YOUR TASK -
A single stretch of the material below is to be transcribed exactly, starting at the line with "Смартфон Tecno Spark" and ending after the line with "Hella Atesleme Bobını".

EXTRACTED RECORDS -
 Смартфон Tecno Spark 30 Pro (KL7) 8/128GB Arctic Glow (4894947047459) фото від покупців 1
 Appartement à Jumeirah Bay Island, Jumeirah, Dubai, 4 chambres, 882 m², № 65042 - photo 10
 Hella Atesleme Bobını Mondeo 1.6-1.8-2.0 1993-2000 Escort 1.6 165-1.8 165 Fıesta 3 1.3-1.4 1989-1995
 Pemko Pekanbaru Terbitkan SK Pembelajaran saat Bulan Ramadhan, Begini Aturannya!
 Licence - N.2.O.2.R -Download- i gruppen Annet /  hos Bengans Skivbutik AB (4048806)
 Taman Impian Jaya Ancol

---

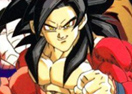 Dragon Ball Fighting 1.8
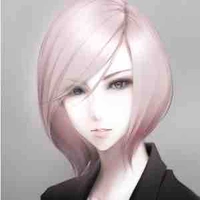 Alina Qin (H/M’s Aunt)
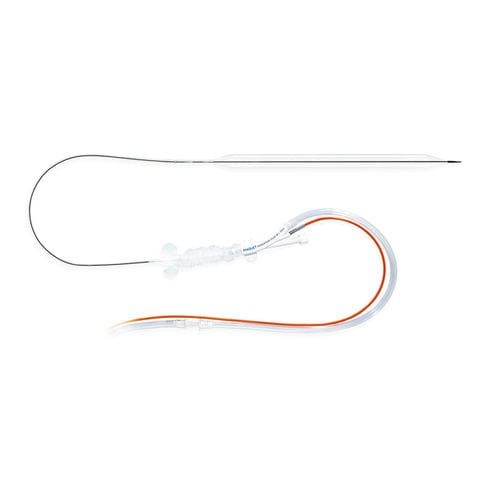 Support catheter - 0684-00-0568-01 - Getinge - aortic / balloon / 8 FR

RESPONSE TO THIS TASK -
 Смартфон Tecno Spark 30 Pro (KL7) 8/128GB Arctic Glow (4894947047459) фото від покупців 1
 Appartement à Jumeirah Bay Island, Jumeirah, Dubai, 4 chambres, 882 m², № 65042 - photo 10
 Hella Atesleme Bobını Mondeo 1.6-1.8-2.0 1993-2000 Escort 1.6 165-1.8 165 Fıesta 3 1.3-1.4 1989-1995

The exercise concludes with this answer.